News
PSBJ: Eyes on Canada as Seattle hotels grapple with softer demand
Posted on

This article was originally published by the Puget Sound Business Journal on May 4, 2025.
Seattle’s hotel industry softened some in March with a 4% decrease in overall occupancy, Visit Seattle reports.
While the 325,361 rooms sold was was down 4% year over year, it was 7% below March 2019. Revenue hit $63.8 million in March, down 5.5% compared with the year prior and 1.5% below 2019.
Hovering over the weak numbers is the United States’ fraying relationship with Canada. It won’t be possible to gauge the impacts of the trade war for several months. But the early numbers don’t look good, with a nearly 43% annual drop in British Columbia-licensed vehicles heading to the United States, according to a report by the Canadian Broadcasting Corp.

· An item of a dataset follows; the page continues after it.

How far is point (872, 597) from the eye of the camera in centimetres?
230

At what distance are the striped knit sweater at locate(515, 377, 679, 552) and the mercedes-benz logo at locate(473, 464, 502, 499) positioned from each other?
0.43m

Seattle’s March convention calendar was less robust than March 2024’s, Visit Seattle reported. In addition, there was a 6.7% annual decline in individual travel.
Seattle hotelier Craig Schafer of Hotel Andra and Inn at the Market says the impacts of the trade war are not palpable, “but we know in the future we are going to feel them.”
They already are feeling them at the Silver Cloud Hotel across the street from T-Mobile Park, where the Toronto Blue Jays will play the Mariners May 9-11. Before this year, blue-clad Jays fans were highly visible on the streets of downtown, sometimes outnumbering M’s fans in their home stadium.
“I’m 30% down compared to normal for the Blue Jays weekend,” Silver Cloud Stadium General Manager KJ Roff said Friday. He added that the hotel typically would be sold out by now.
International relations aside, Schafer said business is improving, with revenue back to “a reasonable level” but added higher costs have “crushed” the bottom line. Seattle’s average daily room rate was $196.15 in March, down 1.4% year over year but up 6% from 2019.
Over the last 10 years, the market’s RevPAR, or revenue per-available room increased 8%, said Schafer, while the minimum wage increased 108% as inflation rose 40%.
Street conditions are “materially better but not to where they should be,” Schafer said, with the number of crime reports declining.
The weak return of weekday worker foot traffic continues to hobble the recovery. In March, downtown weekday worker foot traffic hit 101,000, according to the Downtown Seattle Association’s Recovery Dashboard. That was up 12% year over year but still only 60% of March 2019’s level.